If your tent is going to be exposed to a lot of sun, choose a tent made of polyester, canvas or polycotton, as these fabrics have a significantly higher UV-resistance than nylon.
However, if you’re backpacking, bringing a tent made of canvas or polycotton is impractical, as these fabrics are extremely heavy. In this case, choose nylon or polyester, sacrificing durability for reduced weight (nylon vs polyester). Just be sure to pitch your nylon tent in the shade whenever possible!
For the strongest and most durable fabric that is still lightweight, choose polyester or nylon with a silicone coating, which is called silpoly or silnylon. Silpoly is more durable, silnylon is slightly stronger. For more information on how these two fabrics compare, check out this article.
Manufacturers can also add ripstop to their fabrics, which makes them stronger and less likely to tear. Adding ripstop to the fabric is more expensive but can be worth it if you’re camping in harsh weather conditions.

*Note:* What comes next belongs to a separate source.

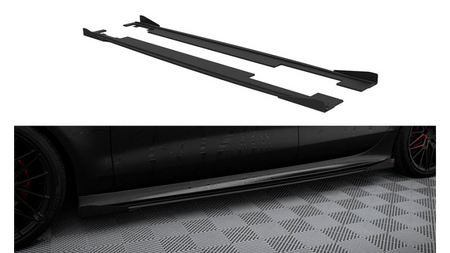 Street Pro Side Skirts Diffusers + Flaps Audi A7 S-Line C7 Black + Gloss Flaps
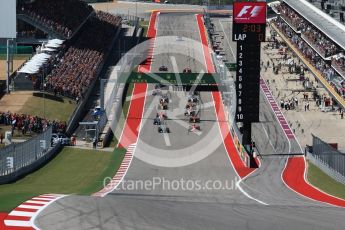 World © Octane Photographic Ltd. Formula 1 - American Grand Prix - Sunday - Race. Lewis Hamilton - Mercedes AMG Petronas F1 W08 EQ Energy+ starts on pole, with Usain Bolt signature move. Circuit of the Americas, Austin, Texas, USA. Sunday 22nd October 2017. Digital Ref: 1994LB2D7197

As for the fabric of your tent’s floor, you can’t go wrong with polyethylene or nylon with a polyurethane coating (to make it waterproof). Polyethylene is waterproof and more durable, but it’s heavy, making it an excellent choice if weight is not a problem. Nylon with a polyurethane coating on the other hand, is less durable but lighter, making it the appropriate choice for backpacking trips.
Keep in mind that durability, strength and weight are not the only factors in play. You also want to consider the fabric’s breathability, insulating capacity, waterproofing, packability and price. Depending on your situation, some of these factors may be more important than durability, so do your research!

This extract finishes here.